ユコに、ボロクソに言われてショウは凄く泣きたくなった…と、いうか既に涙が込み上げてきた。


「そういえばさぁ〜。ショウって、何か資格持ってるのぉ〜?
ウチさぁ〜、最近pc計算式検定の5級取ったんだよ。って、言ってもpc計算式検定って資格がある事すら知らないよね?登校拒否して学校来てないもんねぇ〜。他にも、2つ資格持ってて全部で3つ。
あんたには、考えられないくらい凄いでしょ?キャハ!」


た、確かに、そんな資格があるなんて知らなかったけど

好きで、登校拒否したわけじゃない…

と、ショウが悔しい気持ちで下を俯いた。

それを見て、もう我慢ができないとロゼが行動を起こそうとした、その時だった。


「…ハァ。たかだか、5級の資格を3つ持ってたくらいで、こんなにも人を馬鹿にできるなんて、ある意味凄いな。」

傷つき俯くショウの前に、サクラが立ちユコを見下ろした。

175cmはあるサクラに見下ろされ、チョッピリ怖く感じたユコは彼氏の腕にギュッと抱き着き


「…いきなり、何なんですか?あなたには関係ない事ですし、ウチはまだ小学校6年生なんです。ウチくらいの年齢で、資格3つ持ってる子はあんまりいないんですよ?」

と、自分を否定されてカチンときたのだろう、サクラに言い返した。そして、サクラの全身をジロジロ見ると、プッと笑い


「それに、魔法衣のフードをそんなに深くかぶって顔隠してるなんて…プッ!まさかとは思いますけど…まさかのまさか
そこにいる、おぶた姫の事庇うくらいだから、自分も似たり寄ったりのブサイクなんですか?ブス同士、傷を慰め合ってる感じですか?」

“私様”に喧嘩を売ってきたサクラが気に入らなかったのだろう。
ユコは、サクラの容姿が不細工だと決めつけるなり、自分よりも下だと格付けしサクラの容姿を侮辱してきた。

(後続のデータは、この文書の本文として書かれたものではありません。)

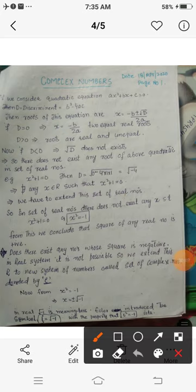Assalamu alaikum dear students. Today we are going to start a new unit, and that is complex numbers. We are going to discuss what a complex number is and what the difference between complex numbers and real numbers is.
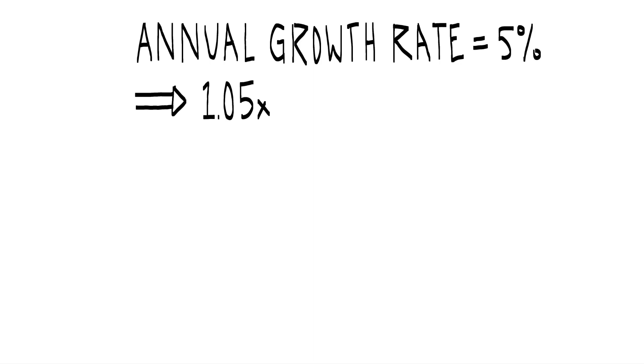So over the course of a year, regardless of the number of periods involved, we want the value at the beginning of the period to be 1.05 times as large by the conclusion of that year.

「さすが、虐めが趣味のゲスだ。口汚く心まで醜すぎて感心する。
そして、よくそこまで自分をひけらかせる。凄いな、ある意味感心する。お前が、性格ブスな上にゲスで凄いのは分かった。
だが、今後ショウ様にちょっかいかけるのはやめろ。お前みたいなゲスと一緒にいるだけで、ショウ様が汚れる。」

と、サクラは汚いモノを見るかのようにユコを見ると、シッシと手でアッチへ行けと合図した。

このムカつく態度に、ユコは
ムキーーーーーッッッ!!!?と、苛立って


「信じらんないっ!!ちょ〜〜〜性格悪いじゃん!!!最悪ッッ!!!」

そう言い残して彼氏と一緒にその場を去って行った。


「サクラよ!ぬるい!生ぬるい、ぬるすぎるぞ!!もっともっと、コテンパンにしてやったら良かったのに!
何ゆえ、あのムカつく女子をギャフンと言わせなかったんじゃ!!」

ロゼは、ユコをぐうの音も出ないくらいにコテンパンにやっつければ良かったのにとプンプン怒っていた。

例えば、サクラは凄い資格をいっぱい持ってるとか!

フードを脱ぎ捨て、サクラの超絶イケメン顔を披露するとか!!

サクラなら、あの女子を完膚なきまでに叩きのめさせる材料はいくらでもあるじゃろ!!!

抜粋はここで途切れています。